MATERIAL PROVIDED =
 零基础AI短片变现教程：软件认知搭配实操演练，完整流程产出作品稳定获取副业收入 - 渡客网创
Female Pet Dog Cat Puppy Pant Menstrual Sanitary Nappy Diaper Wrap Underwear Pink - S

...

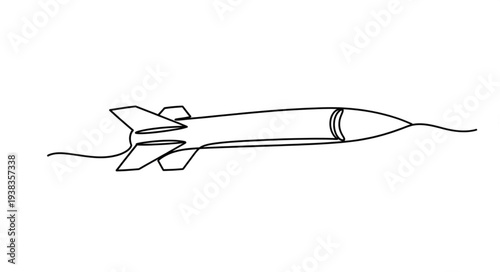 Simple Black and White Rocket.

TASK INSTRUCTIONS =
Repeat the entries above verbatim, but only from the line that has "零基础AI短片变现教程：软件认知搭配实操演练，完整流程产出作品稳定获取副业收入 - 渡客网创" down to the line that has "Female Pet Dog", inclusive.

OUTPUT BELOW =
 零基础AI短片变现教程：软件认知搭配实操演练，完整流程产出作品稳定获取副业收入 - 渡客网创
Female Pet Dog Cat Puppy Pant Menstrual Sanitary Nappy Diaper Wrap Underwear Pink - S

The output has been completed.